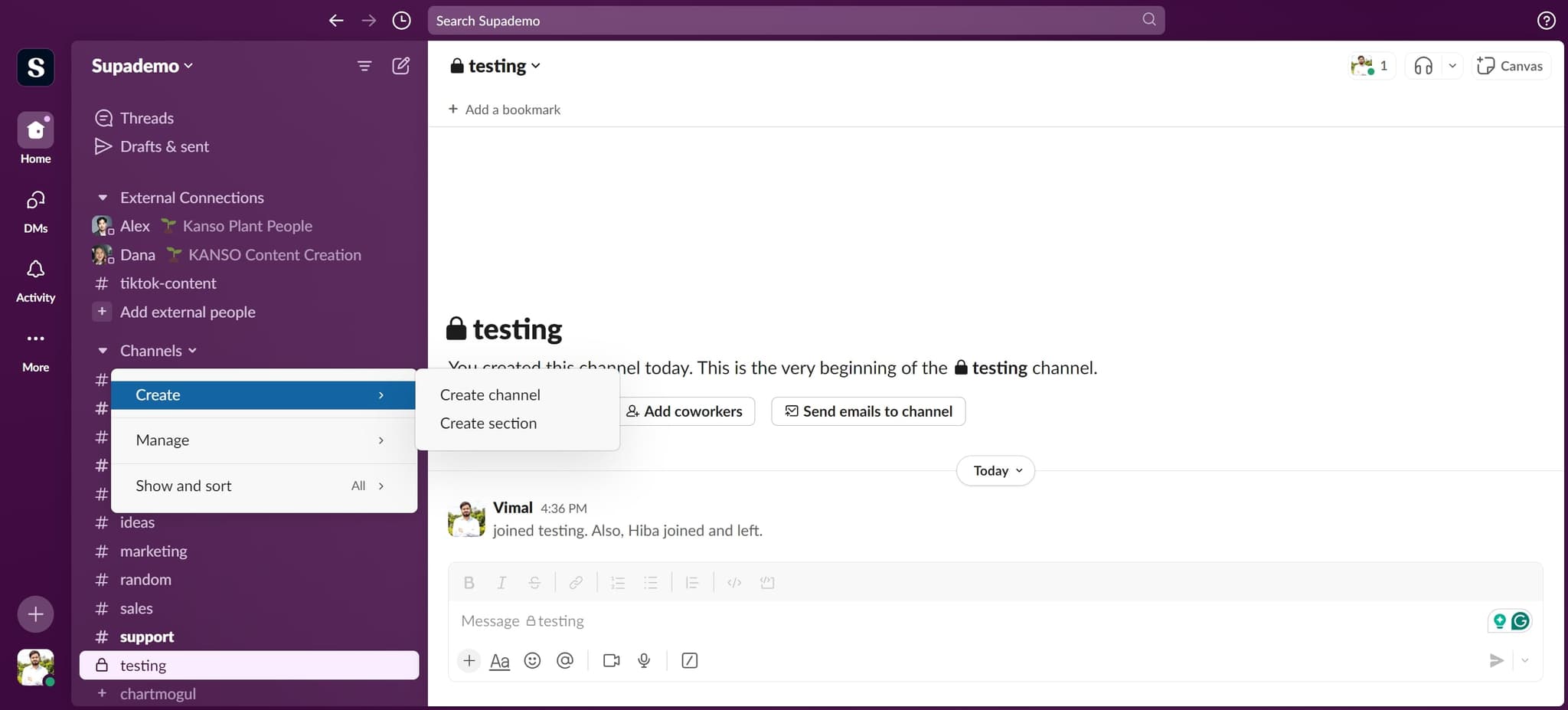 Initiate the creation process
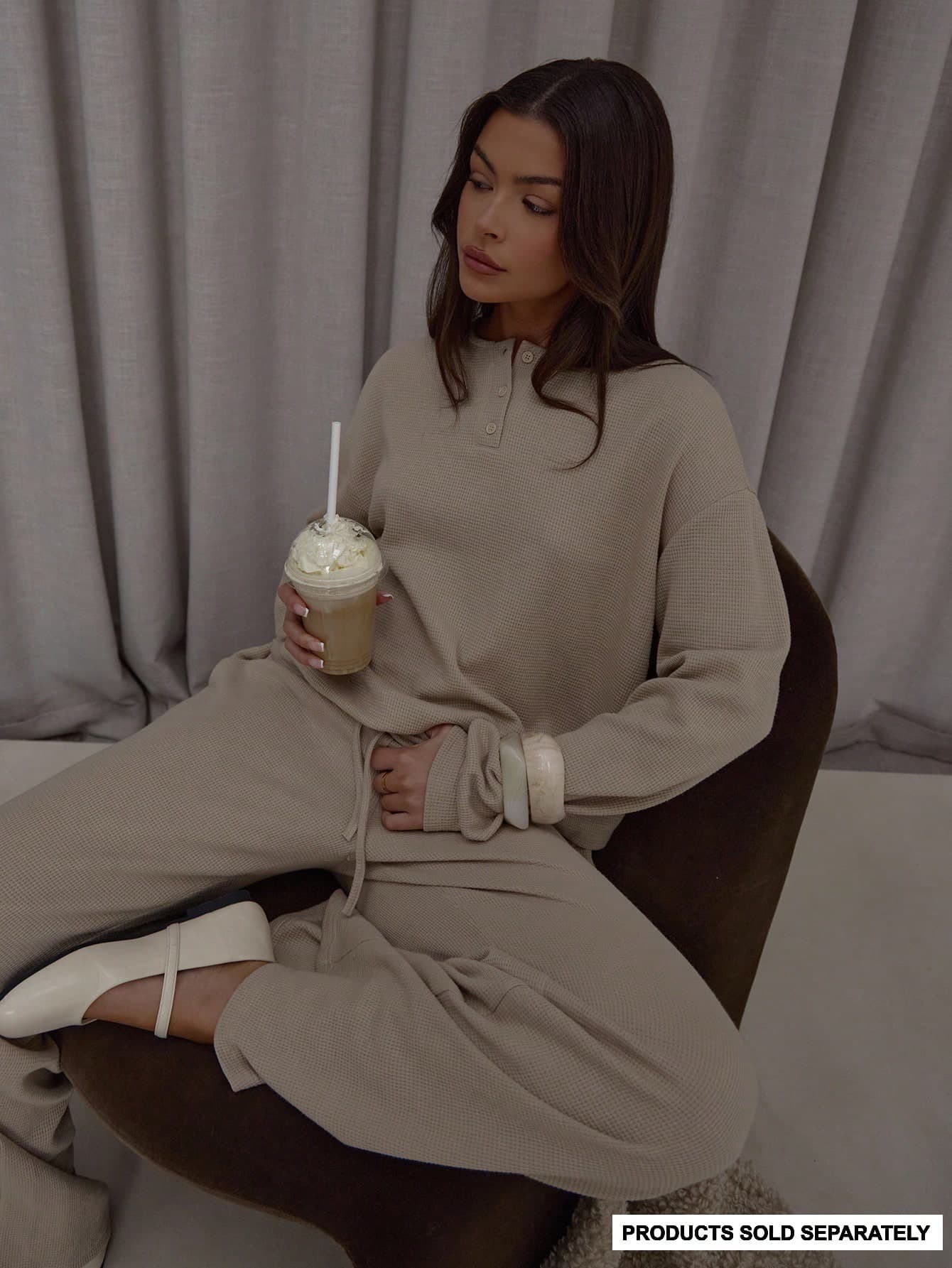 MUSERA Button Up Henley Detail Loose Fit Waffle Top Only Streetwear Classy Casual Sexy Going Out Fall Autumn Toffee Elegant Holidays Party Spring Summer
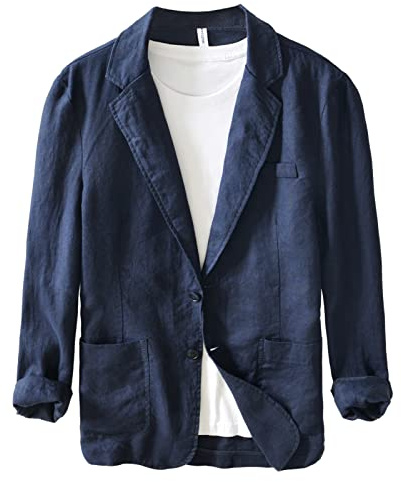 Icegrey Blazer Casual da Uomo in Lino Slim Fit Suit Giacche Due Button Giacca Smart Blazer, Marina Militare, L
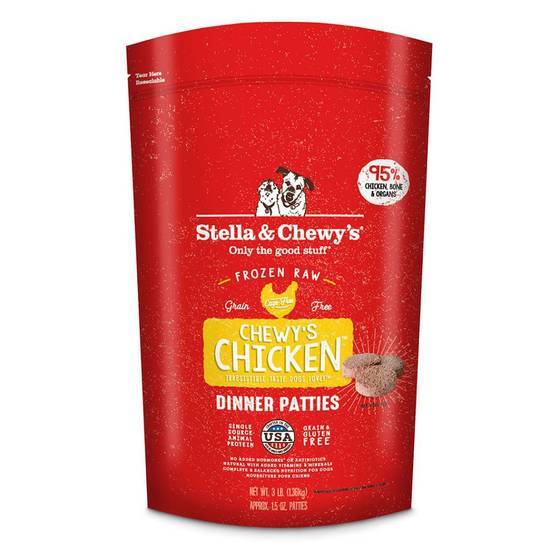 Stella & Chewy's Dog Raw Frozen Chicken Dinner 8-oz Size Patties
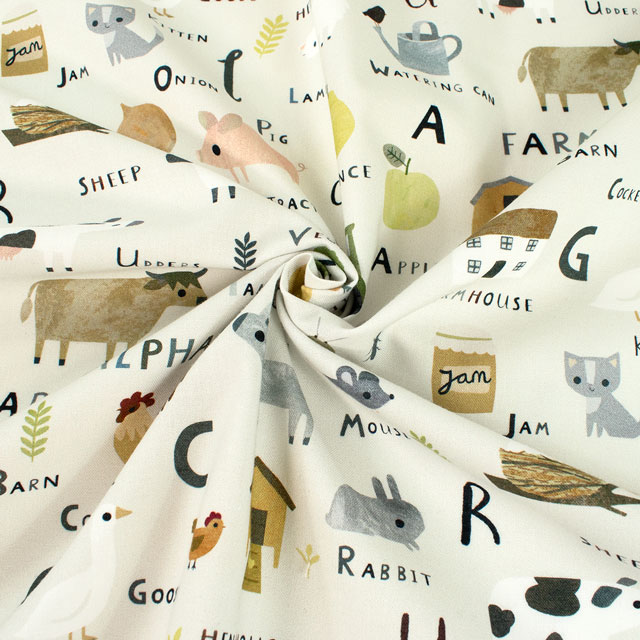 生地 dear STELLA-ディアステラ- FARM ALPHABET ファーム・アルファベット/シーチング(STELLA-DLT2787) ANGORA.アンゴラ 09Ac05_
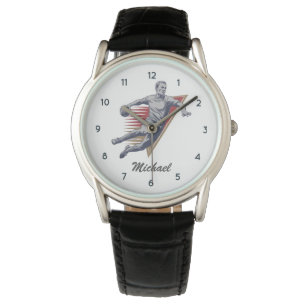 Modern Trendy Handball Player Personalised Watch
▬▬▬▬▬▬
## [WORK REQUIRED]
Transcribe word for word only the lines from the one with "Stella & Chewy's" through the end of the listing; every picture is to be omitted.

## [EXERCISE SOLUTION]
 Stella & Chewy's Dog Raw Frozen Chicken Dinner 8-oz Size Patties
 生地 dear STELLA-ディアステラ- FARM ALPHABET ファーム・アルファベット/シーチング(STELLA-DLT2787) ANGORA.アンゴラ 09Ac05_
 Modern Trendy Handball Player Personalised Watch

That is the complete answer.